In the wake of Universal’s success with The Wolf Man in 1941, two other studios rushed their own werewolf films into production, but only one of them had significant resources to throw behind it. The one that didn’t was Poverty Row studio Producers Releasing Corporation, which turned out The Mad Monster in record time, releasing it just five months after Larry Talbot first sprouted fur and ravaged the countryside.

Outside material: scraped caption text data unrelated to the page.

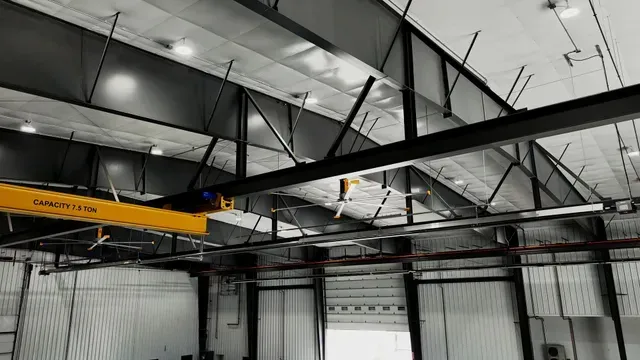 A yellow overhead crane bridge spans a high-ceilinged industrial facility with steel rafters and bright ceiling lights.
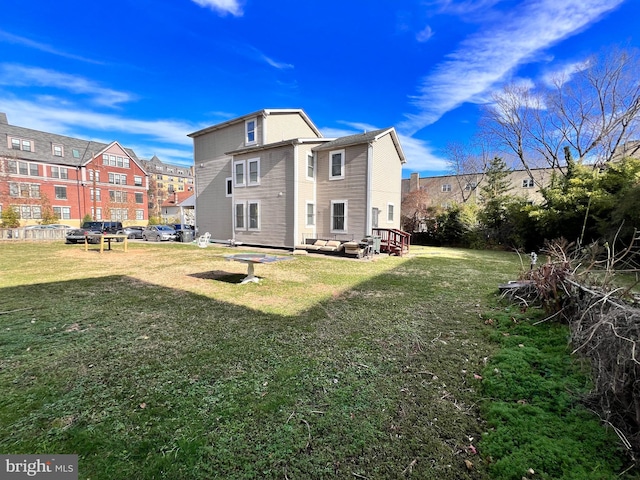 back of house featuring a yard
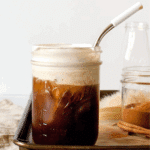 Mason jar filled with salted maple cinnamon cold brew, topped with a layer of cinnamon cream foam and served with a metal straw.
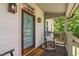 Inviting front porch featuring a comfortable rocking chair and a stylish blue front door at 1909 Ira Rd, Efland, NC 27243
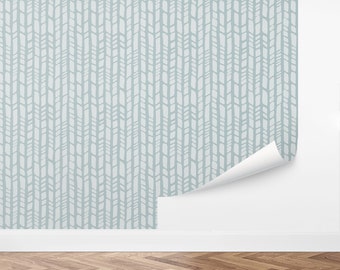 May include: A light blue wallpaper with a repeating pattern of white, vertical, geometric shapes. The pattern resembles a woven fabric.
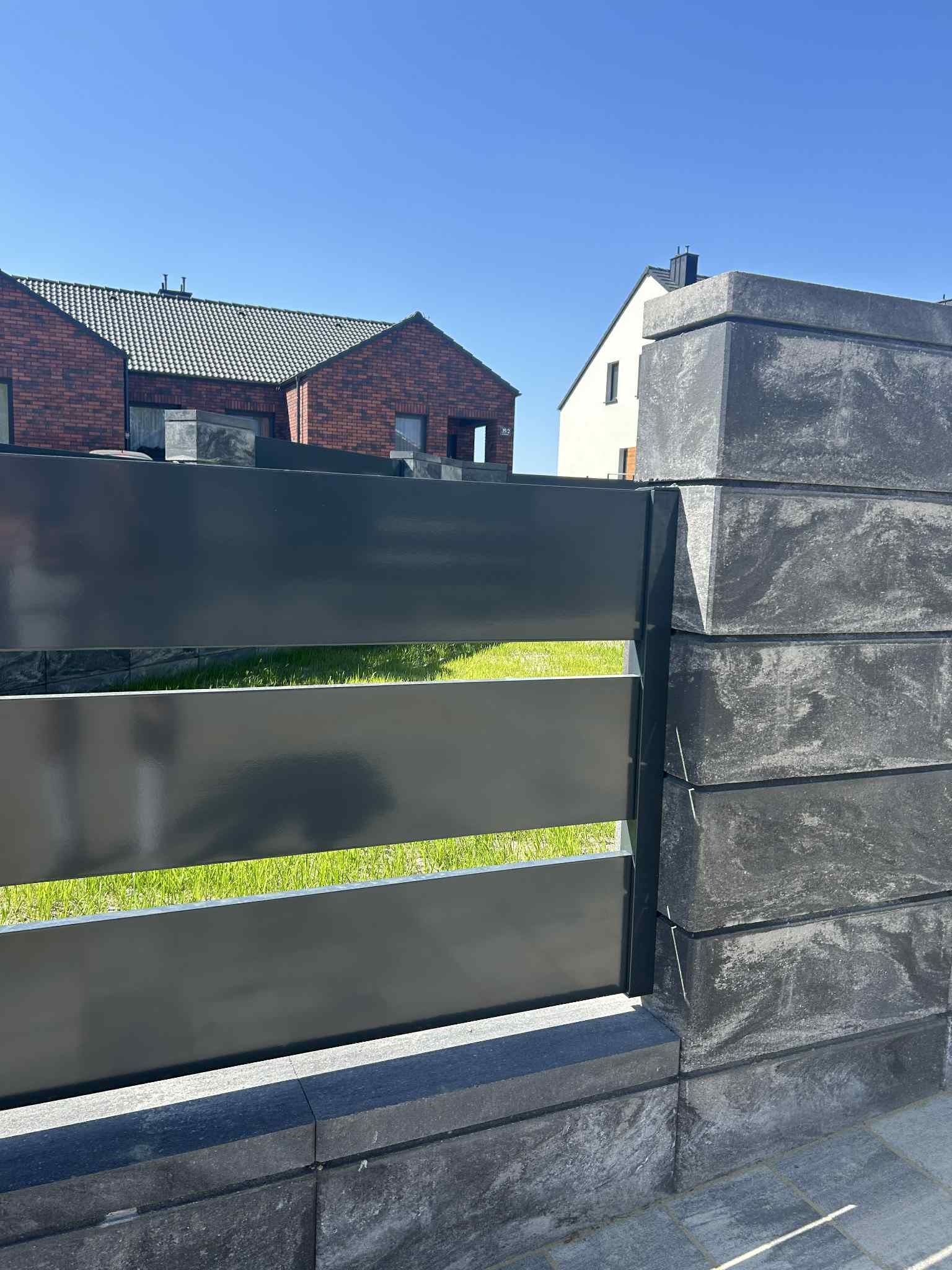 Nowoczesne ogrodzenie z poziomych, szarych paneli metalowych i kamiennych słupków na tle domów i zielonego trawnika, w słoneczny dzień.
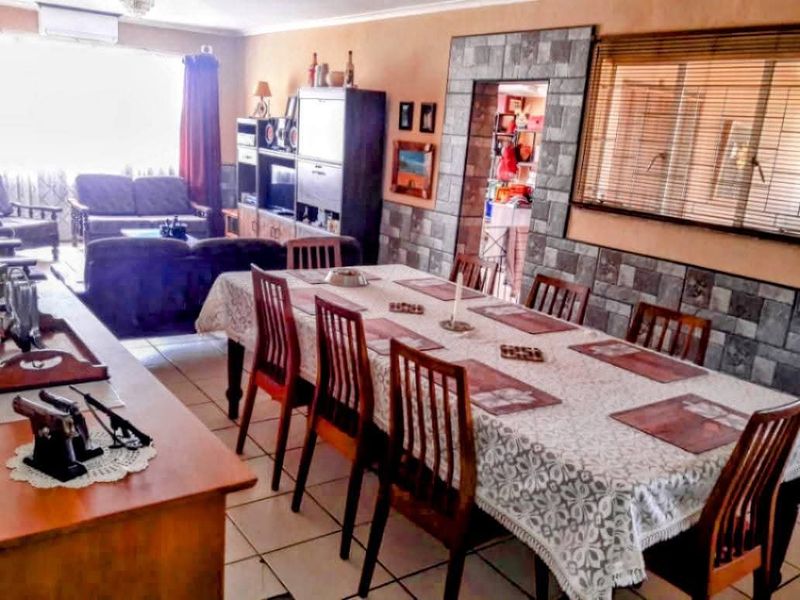 Open-plan dining and living area featuring tiled flooring, a stone-clad feature wall, and split-system air conditioning.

Directed by Sam Newfield, a preternaturally prolific filmmaker who cranked ’em out at the rate of a dozen or more a year at his peak (and whose vast filmography includes such anti-classics as The Terror of Tiny Town, The Monster Maker and I Accuse My Parents), The Mad Monster stars George Zucco as a mad scientist whose theories on blood transfusions between species (which he believes will produce feral, unstoppable soldiers) got him laughed out of academia, forcing him to retreat to the swamp to conduct his unethical experiments in secret. There he injects the blood of a wolf into his slow-witted handyman Petro (Glenn Strange), who becomes a wolf man in a series of lap dissolves, and sets the savage beast on his critics. Well, that’s what Zucco says he’s going to do. Mostly he just lets Strange wander around the foggy swamp aimlessly — all the better to pad out the running time. There’s also a budding romance of sorts between cub reporter Johnny Downs and Zucco’s daughter (Anne Nagel), who believes he’s a great scientist without having any idea what he’s working on. Naturally she has to find out in the most dramatic way possible.
As it’s in the public domain, The Mad Monster has been packaged and repackaged several times over, and can be come by quite cheaply. Budget label Alpha Video has it by itself, but it can also be found in Mill Creek Entertainment’s “Horror Classics” 50-movie pack alongside a number of Newfield’s other PRC cheapies. The best way to see it, though, is with Joel and the Bots from Mystery Science Theater 3000 (it’s in Volume XIV from Shout! Factory). Even if they did tackle it in the show’s first season, when the writers were still working the kinks out, they gave it no quarter.
In comparison, 1942’s The Undying Monster has been treated much more respectfully on home video, but that’s what comes of having a major studio behind you. Produced by Twentieth Century-Fox on a substantially larger budget, the film was given a professional sheen by director John Brahm (who also did the 1944 version of The Lodger and 1945’s Hangover Square, released alongside The Undying Monster in the first “Fox Horror Classics” set) and cinematographer Lucien Ballard, who withhold for as long as possible the revelation that there’s something supernatural afoot at Hammond House.
Set at the turn of the century, The Undying Monster is in fact the dreaded Hammond Monster, which visits its curse upon siblings Heather Angel and John Howard, although they’re a bit blasé about it until it strikes them directly. That’s when Scotland Yard forensics specialist James Ellison and his eccentric assistant Heather Thatcher are brought in. The curious thing is they’re introduced in such a way that it seems like this is but one entry in a series of films featuring the duo, but that is not the case. The other major character is doctor Bramwell Fletcher, who clearly knows what’s going on from the start but is tight-lipped about it until the last minute. For a film that barely tops an hour, that doesn’t leave much time for the monster to do its thing.